───── Provided data
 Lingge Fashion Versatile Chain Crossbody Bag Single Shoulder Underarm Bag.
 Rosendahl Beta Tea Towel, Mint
──────────
───── Provided data
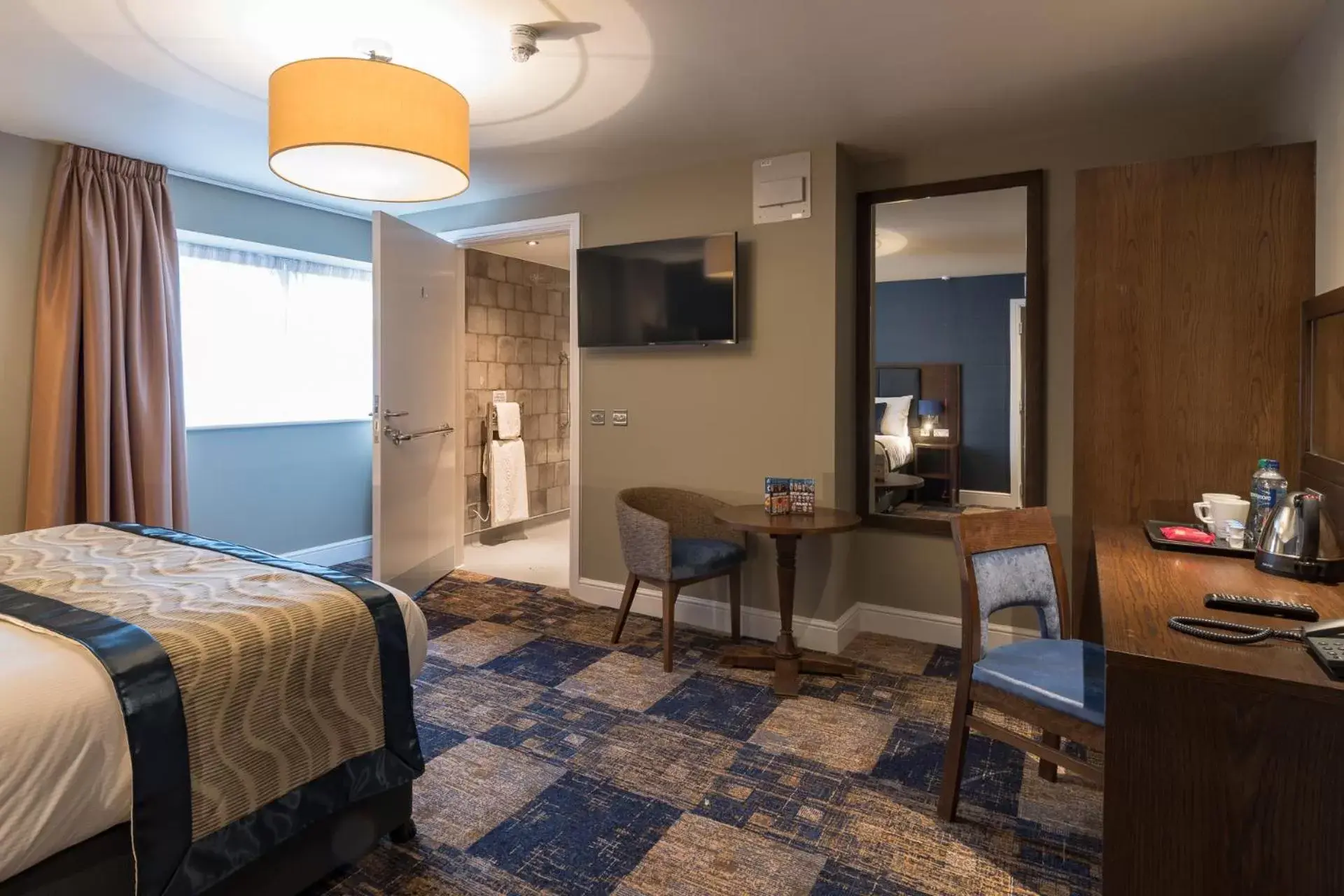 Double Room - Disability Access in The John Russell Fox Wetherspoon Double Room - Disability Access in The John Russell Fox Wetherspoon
──────────
Where the data above reaches the line holding "Lingge Fashion Versatile", begin printing, and stop after the line holding "Rosendahl Beta Tea Towel, Mint". Each line must be reproduced exactly, with nothing else added.

 Lingge Fashion Versatile Chain Crossbody Bag Single Shoulder Underarm Bag.
 Rosendahl Beta Tea Towel, Mint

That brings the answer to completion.